(Excerpted records Opens)

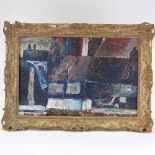 Mid-20th century oil on board, abstract impasto composition, unsigned, 20" x 30", framed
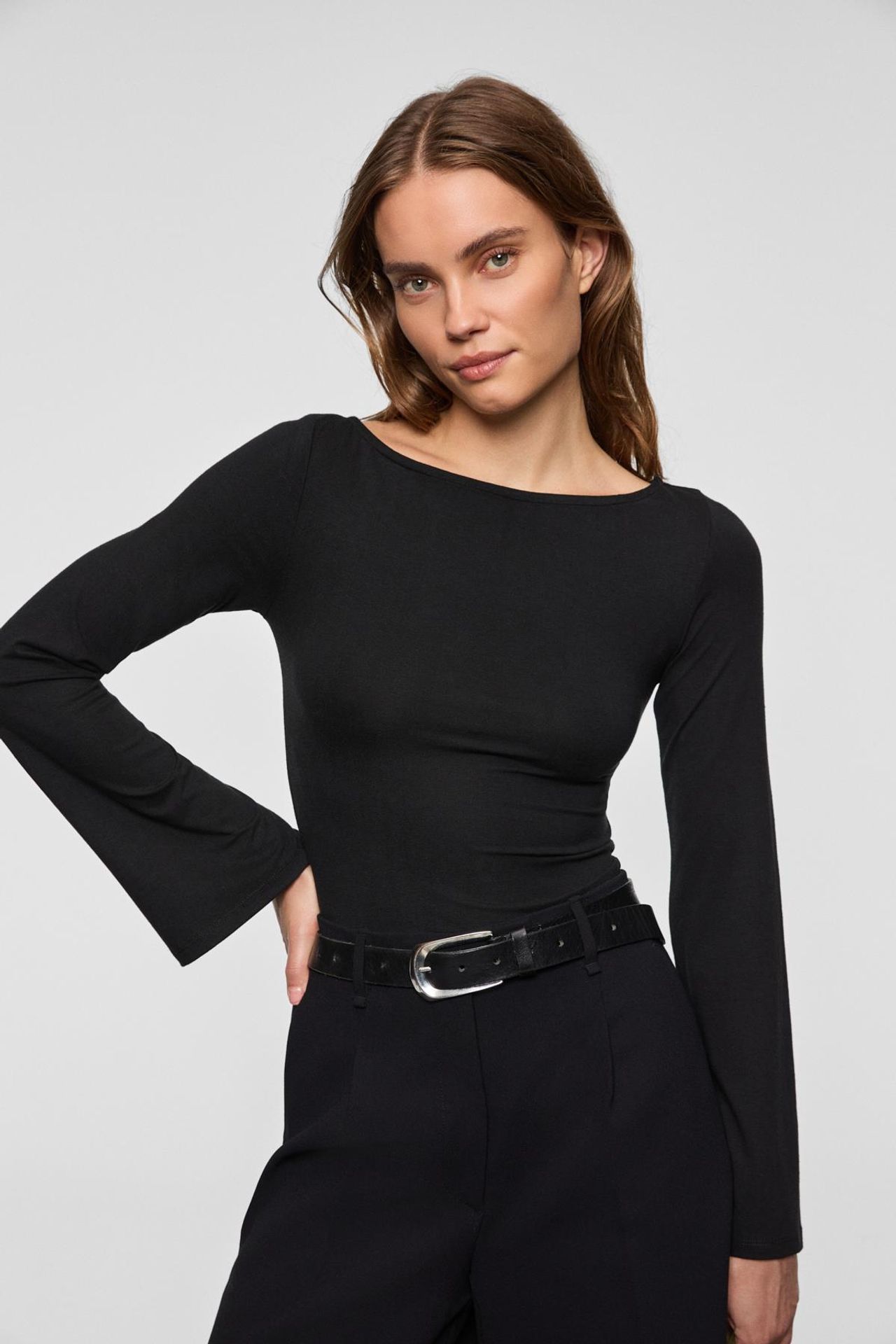 GRIMELANGE Boat Neck Slim Fit Blouse 3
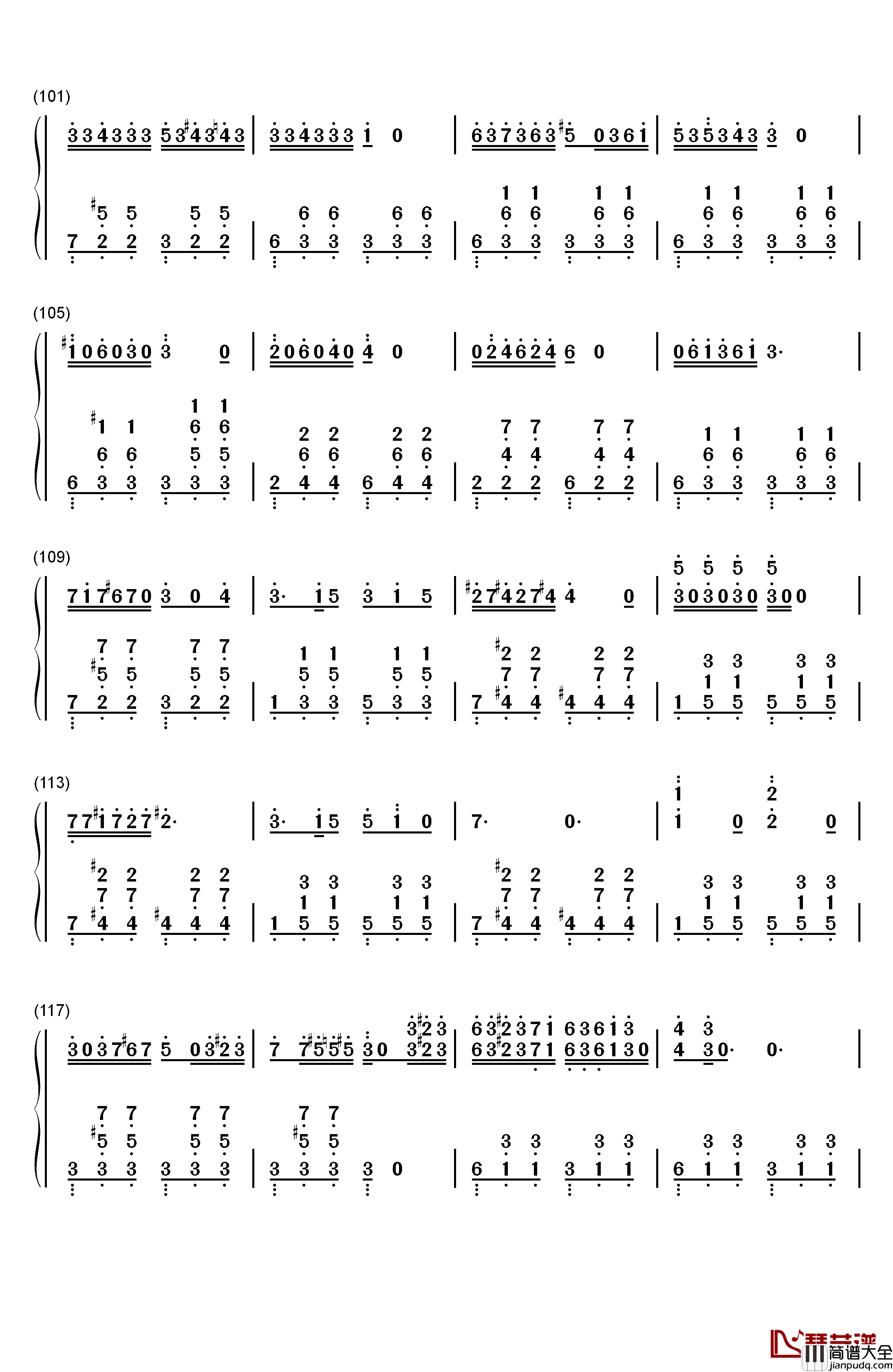 Dernier_Vol钢琴简谱_数字双手_Raphaël_Beau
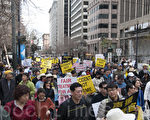 2月20日中午，在短暂集会之后，数千名来自旧金山湾区各地的华人为主的民众开始了声援刚刚被判有罪的纽约梁彼得的游行活动。（周凤临／大纪元）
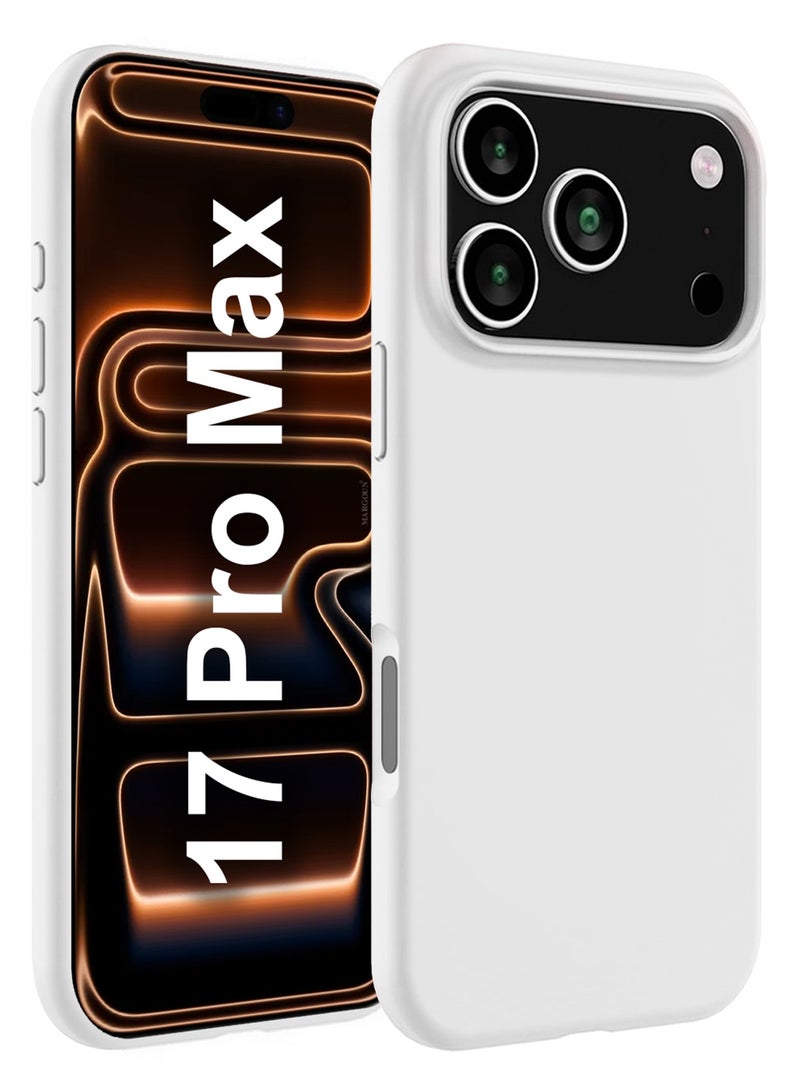 CATANES Silicone Protective Phone Case for iPhone 17 Pro Max - Soft Anti-Scratch Microfiber Lining Ultra Slim Drop Protection Phone Cover - White - Image 1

(Excerpted records Closes)

Work task: Output the records above verbatim. Pictures stay out.

Response below:
 Mid-20th century oil on board, abstract impasto composition, unsigned, 20" x 30", framed
 GRIMELANGE Boat Neck Slim Fit Blouse 3
 Dernier_Vol钢琴简谱_数字双手_Raphaël_Beau
 2月20日中午，在短暂集会之后，数千名来自旧金山湾区各地的华人为主的民众开始了声援刚刚被判有罪的纽约梁彼得的游行活动。（周凤临／大纪元）
 CATANES Silicone Protective Phone Case for iPhone 17 Pro Max - Soft Anti-Scratch Microfiber Lining Ultra Slim Drop Protection Phone Cover - White - Image 1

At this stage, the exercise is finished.